**Raw data**
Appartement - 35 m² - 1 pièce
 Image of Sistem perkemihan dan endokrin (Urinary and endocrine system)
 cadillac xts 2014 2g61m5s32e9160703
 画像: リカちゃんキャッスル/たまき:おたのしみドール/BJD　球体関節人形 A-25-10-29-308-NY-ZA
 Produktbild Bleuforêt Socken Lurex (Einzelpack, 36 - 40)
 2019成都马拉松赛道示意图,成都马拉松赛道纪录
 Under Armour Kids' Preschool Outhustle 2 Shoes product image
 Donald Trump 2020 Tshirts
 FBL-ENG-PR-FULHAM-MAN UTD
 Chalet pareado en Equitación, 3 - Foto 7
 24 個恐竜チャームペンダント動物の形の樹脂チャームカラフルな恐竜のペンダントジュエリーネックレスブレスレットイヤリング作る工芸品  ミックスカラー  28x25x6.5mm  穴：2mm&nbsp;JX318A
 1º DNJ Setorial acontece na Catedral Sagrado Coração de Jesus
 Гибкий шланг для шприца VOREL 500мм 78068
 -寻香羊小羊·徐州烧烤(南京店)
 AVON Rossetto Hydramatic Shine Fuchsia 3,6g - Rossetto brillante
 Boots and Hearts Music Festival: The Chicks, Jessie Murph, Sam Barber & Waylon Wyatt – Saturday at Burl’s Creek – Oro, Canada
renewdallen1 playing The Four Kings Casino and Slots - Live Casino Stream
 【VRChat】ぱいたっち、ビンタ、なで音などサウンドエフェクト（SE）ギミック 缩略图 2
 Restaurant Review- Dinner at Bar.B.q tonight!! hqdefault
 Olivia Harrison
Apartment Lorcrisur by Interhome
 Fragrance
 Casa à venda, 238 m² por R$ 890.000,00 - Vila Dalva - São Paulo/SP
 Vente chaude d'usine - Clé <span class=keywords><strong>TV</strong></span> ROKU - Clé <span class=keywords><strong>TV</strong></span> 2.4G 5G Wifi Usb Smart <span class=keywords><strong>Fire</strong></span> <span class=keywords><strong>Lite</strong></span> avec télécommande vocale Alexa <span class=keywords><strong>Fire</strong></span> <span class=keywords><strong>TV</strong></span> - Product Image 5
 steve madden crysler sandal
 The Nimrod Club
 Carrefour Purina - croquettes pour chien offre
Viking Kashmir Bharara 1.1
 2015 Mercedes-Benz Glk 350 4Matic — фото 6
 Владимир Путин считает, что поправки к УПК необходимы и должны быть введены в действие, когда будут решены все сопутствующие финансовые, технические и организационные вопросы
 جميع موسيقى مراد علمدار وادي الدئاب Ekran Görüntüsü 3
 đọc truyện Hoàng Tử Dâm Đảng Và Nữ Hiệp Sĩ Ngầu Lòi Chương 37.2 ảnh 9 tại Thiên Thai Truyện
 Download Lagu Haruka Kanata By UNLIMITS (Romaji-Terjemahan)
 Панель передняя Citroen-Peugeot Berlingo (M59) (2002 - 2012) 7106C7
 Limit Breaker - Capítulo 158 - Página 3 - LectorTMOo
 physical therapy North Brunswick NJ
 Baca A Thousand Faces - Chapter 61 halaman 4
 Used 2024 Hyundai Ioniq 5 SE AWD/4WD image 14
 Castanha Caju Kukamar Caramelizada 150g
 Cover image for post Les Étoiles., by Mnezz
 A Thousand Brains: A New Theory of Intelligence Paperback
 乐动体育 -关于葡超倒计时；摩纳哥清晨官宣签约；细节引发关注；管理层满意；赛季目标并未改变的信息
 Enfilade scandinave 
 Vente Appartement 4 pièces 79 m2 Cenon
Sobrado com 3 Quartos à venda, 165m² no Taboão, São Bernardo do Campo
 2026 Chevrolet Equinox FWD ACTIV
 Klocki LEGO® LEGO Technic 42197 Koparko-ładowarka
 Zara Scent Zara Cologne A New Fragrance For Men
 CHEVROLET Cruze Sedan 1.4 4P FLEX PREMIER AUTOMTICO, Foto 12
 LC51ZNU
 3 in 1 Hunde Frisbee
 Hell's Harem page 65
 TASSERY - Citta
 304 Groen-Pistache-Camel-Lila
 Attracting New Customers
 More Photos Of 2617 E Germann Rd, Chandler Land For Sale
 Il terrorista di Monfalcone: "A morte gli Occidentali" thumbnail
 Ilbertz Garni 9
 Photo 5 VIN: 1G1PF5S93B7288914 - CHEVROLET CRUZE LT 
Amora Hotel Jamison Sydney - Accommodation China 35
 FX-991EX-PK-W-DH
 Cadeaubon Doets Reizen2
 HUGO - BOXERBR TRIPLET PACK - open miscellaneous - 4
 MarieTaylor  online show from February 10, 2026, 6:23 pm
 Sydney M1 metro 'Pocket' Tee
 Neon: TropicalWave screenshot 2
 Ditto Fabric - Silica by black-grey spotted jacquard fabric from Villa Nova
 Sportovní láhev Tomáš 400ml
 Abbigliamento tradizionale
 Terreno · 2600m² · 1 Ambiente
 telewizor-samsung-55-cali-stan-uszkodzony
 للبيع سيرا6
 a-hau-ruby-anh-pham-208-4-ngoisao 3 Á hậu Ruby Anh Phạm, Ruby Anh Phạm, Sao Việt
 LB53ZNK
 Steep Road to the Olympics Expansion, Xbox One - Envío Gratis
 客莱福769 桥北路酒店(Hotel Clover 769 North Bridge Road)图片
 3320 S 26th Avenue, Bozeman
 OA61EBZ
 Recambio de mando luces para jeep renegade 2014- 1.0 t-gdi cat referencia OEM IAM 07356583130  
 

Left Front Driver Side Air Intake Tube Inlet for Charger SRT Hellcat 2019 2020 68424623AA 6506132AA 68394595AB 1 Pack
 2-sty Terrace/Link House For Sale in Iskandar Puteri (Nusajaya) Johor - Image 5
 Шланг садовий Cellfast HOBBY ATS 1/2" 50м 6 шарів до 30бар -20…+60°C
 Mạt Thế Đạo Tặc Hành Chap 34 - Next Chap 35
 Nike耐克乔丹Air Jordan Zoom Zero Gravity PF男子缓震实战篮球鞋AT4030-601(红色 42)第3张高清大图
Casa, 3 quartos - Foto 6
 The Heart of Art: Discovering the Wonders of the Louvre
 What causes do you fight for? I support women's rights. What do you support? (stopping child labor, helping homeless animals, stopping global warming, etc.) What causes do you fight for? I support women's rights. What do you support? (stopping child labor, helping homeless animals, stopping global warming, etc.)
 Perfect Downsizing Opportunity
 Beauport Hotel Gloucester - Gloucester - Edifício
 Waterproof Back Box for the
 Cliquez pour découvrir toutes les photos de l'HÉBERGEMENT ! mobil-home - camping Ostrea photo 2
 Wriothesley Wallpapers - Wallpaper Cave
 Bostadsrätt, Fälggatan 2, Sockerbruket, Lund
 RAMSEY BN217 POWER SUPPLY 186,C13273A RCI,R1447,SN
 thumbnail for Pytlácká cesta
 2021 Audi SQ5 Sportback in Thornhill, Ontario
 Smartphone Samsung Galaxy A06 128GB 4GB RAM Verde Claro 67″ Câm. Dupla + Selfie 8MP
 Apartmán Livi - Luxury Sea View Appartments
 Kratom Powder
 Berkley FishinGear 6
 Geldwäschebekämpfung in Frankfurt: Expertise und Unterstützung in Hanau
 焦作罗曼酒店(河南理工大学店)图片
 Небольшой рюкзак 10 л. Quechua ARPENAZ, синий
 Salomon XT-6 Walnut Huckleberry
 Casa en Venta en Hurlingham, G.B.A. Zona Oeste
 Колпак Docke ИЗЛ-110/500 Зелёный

**What is needed**
Every entry must appear in the answer, reproduced exactly.

**Result for this task**
Appartement - 35 m² - 1 pièce
 Image of Sistem perkemihan dan endokrin (Urinary and endocrine system)
 cadillac xts 2014 2g61m5s32e9160703
 画像: リカちゃんキャッスル/たまき:おたのしみドール/BJD　球体関節人形 A-25-10-29-308-NY-ZA
 Produktbild Bleuforêt Socken Lurex (Einzelpack, 36 - 40)
 2019成都马拉松赛道示意图,成都马拉松赛道纪录
 Under Armour Kids' Preschool Outhustle 2 Shoes product image
 Donald Trump 2020 Tshirts
 FBL-ENG-PR-FULHAM-MAN UTD
 Chalet pareado en Equitación, 3 - Foto 7
 24 個恐竜チャームペンダント動物の形の樹脂チャームカラフルな恐竜のペンダントジュエリーネックレスブレスレットイヤリング作る工芸品  ミックスカラー  28x25x6.5mm  穴：2mm&nbsp;JX318A
 1º DNJ Setorial acontece na Catedral Sagrado Coração de Jesus
 Гибкий шланг для шприца VOREL 500мм 78068
 -寻香羊小羊·徐州烧烤(南京店)
 AVON Rossetto Hydramatic Shine Fuchsia 3,6g - Rossetto brillante
 Boots and Hearts Music Festival: The Chicks, Jessie Murph, Sam Barber & Waylon Wyatt – Saturday at Burl’s Creek – Oro, Canada
renewdallen1 playing The Four Kings Casino and Slots - Live Casino Stream
 【VRChat】ぱいたっち、ビンタ、なで音などサウンドエフェクト（SE）ギミック 缩略图 2
 Restaurant Review- Dinner at Bar.B.q tonight!! hqdefault
 Olivia Harrison
Apartment Lorcrisur by Interhome
 Fragrance
 Casa à venda, 238 m² por R$ 890.000,00 - Vila Dalva - São Paulo/SP
 Vente chaude d'usine - Clé <span class=keywords><strong>TV</strong></span> ROKU - Clé <span class=keywords><strong>TV</strong></span> 2.4G 5G Wifi Usb Smart <span class=keywords><strong>Fire</strong></span> <span class=keywords><strong>Lite</strong></span> avec télécommande vocale Alexa <span class=keywords><strong>Fire</strong></span> <span class=keywords><strong>TV</strong></span> - Product Image 5
 steve madden crysler sandal
 The Nimrod Club
 Carrefour Purina - croquettes pour chien offre
Viking Kashmir Bharara 1.1
 2015 Mercedes-Benz Glk 350 4Matic — фото 6
 Владимир Путин считает, что поправки к УПК необходимы и должны быть введены в действие, когда будут решены все сопутствующие финансовые, технические и организационные вопросы
 جميع موسيقى مراد علمدار وادي الدئاب Ekran Görüntüsü 3
 đọc truyện Hoàng Tử Dâm Đảng Và Nữ Hiệp Sĩ Ngầu Lòi Chương 37.2 ảnh 9 tại Thiên Thai Truyện
 Download Lagu Haruka Kanata By UNLIMITS (Romaji-Terjemahan)
 Панель передняя Citroen-Peugeot Berlingo (M59) (2002 - 2012) 7106C7
 Limit Breaker - Capítulo 158 - Página 3 - LectorTMOo
 physical therapy North Brunswick NJ
 Baca A Thousand Faces - Chapter 61 halaman 4
 Used 2024 Hyundai Ioniq 5 SE AWD/4WD image 14
 Castanha Caju Kukamar Caramelizada 150g
 Cover image for post Les Étoiles., by Mnezz
 A Thousand Brains: A New Theory of Intelligence Paperback
 乐动体育 -关于葡超倒计时；摩纳哥清晨官宣签约；细节引发关注；管理层满意；赛季目标并未改变的信息
 Enfilade scandinave 
 Vente Appartement 4 pièces 79 m2 Cenon
Sobrado com 3 Quartos à venda, 165m² no Taboão, São Bernardo do Campo
 2026 Chevrolet Equinox FWD ACTIV
 Klocki LEGO® LEGO Technic 42197 Koparko-ładowarka
 Zara Scent Zara Cologne A New Fragrance For Men
 CHEVROLET Cruze Sedan 1.4 4P FLEX PREMIER AUTOMTICO, Foto 12
 LC51ZNU
 3 in 1 Hunde Frisbee
 Hell's Harem page 65
 TASSERY - Citta
 304 Groen-Pistache-Camel-Lila
 Attracting New Customers
 More Photos Of 2617 E Germann Rd, Chandler Land For Sale
 Il terrorista di Monfalcone: "A morte gli Occidentali" thumbnail
 Ilbertz Garni 9
 Photo 5 VIN: 1G1PF5S93B7288914 - CHEVROLET CRUZE LT 
Amora Hotel Jamison Sydney - Accommodation China 35
 FX-991EX-PK-W-DH
 Cadeaubon Doets Reizen2
 HUGO - BOXERBR TRIPLET PACK - open miscellaneous - 4
 MarieTaylor  online show from February 10, 2026, 6:23 pm
 Sydney M1 metro 'Pocket' Tee
 Neon: TropicalWave screenshot 2
 Ditto Fabric - Silica by black-grey spotted jacquard fabric from Villa Nova
 Sportovní láhev Tomáš 400ml
 Abbigliamento tradizionale
 Terreno · 2600m² · 1 Ambiente
 telewizor-samsung-55-cali-stan-uszkodzony
 للبيع سيرا6
 a-hau-ruby-anh-pham-208-4-ngoisao 3 Á hậu Ruby Anh Phạm, Ruby Anh Phạm, Sao Việt
 LB53ZNK
 Steep Road to the Olympics Expansion, Xbox One - Envío Gratis
 客莱福769 桥北路酒店(Hotel Clover 769 North Bridge Road)图片
 3320 S 26th Avenue, Bozeman
 OA61EBZ
 Recambio de mando luces para jeep renegade 2014- 1.0 t-gdi cat referencia OEM IAM 07356583130  
 

Left Front Driver Side Air Intake Tube Inlet for Charger SRT Hellcat 2019 2020 68424623AA 6506132AA 68394595AB 1 Pack
 2-sty Terrace/Link House For Sale in Iskandar Puteri (Nusajaya) Johor - Image 5
 Шланг садовий Cellfast HOBBY ATS 1/2" 50м 6 шарів до 30бар -20…+60°C
 Mạt Thế Đạo Tặc Hành Chap 34 - Next Chap 35
 Nike耐克乔丹Air Jordan Zoom Zero Gravity PF男子缓震实战篮球鞋AT4030-601(红色 42)第3张高清大图
Casa, 3 quartos - Foto 6
 The Heart of Art: Discovering the Wonders of the Louvre
 What causes do you fight for? I support women's rights. What do you support? (stopping child labor, helping homeless animals, stopping global warming, etc.) What causes do you fight for? I support women's rights. What do you support? (stopping child labor, helping homeless animals, stopping global warming, etc.)
 Perfect Downsizing Opportunity
 Beauport Hotel Gloucester - Gloucester - Edifício
 Waterproof Back Box for the
 Cliquez pour découvrir toutes les photos de l'HÉBERGEMENT ! mobil-home - camping Ostrea photo 2
 Wriothesley Wallpapers - Wallpaper Cave
 Bostadsrätt, Fälggatan 2, Sockerbruket, Lund
 RAMSEY BN217 POWER SUPPLY 186,C13273A RCI,R1447,SN
 thumbnail for Pytlácká cesta
 2021 Audi SQ5 Sportback in Thornhill, Ontario
 Smartphone Samsung Galaxy A06 128GB 4GB RAM Verde Claro 67″ Câm. Dupla + Selfie 8MP
 Apartmán Livi - Luxury Sea View Appartments
 Kratom Powder
 Berkley FishinGear 6
 Geldwäschebekämpfung in Frankfurt: Expertise und Unterstützung in Hanau
 焦作罗曼酒店(河南理工大学店)图片
 Небольшой рюкзак 10 л. Quechua ARPENAZ, синий
 Salomon XT-6 Walnut Huckleberry
 Casa en Venta en Hurlingham, G.B.A. Zona Oeste
 Колпак Docke ИЗЛ-110/500 Зелёный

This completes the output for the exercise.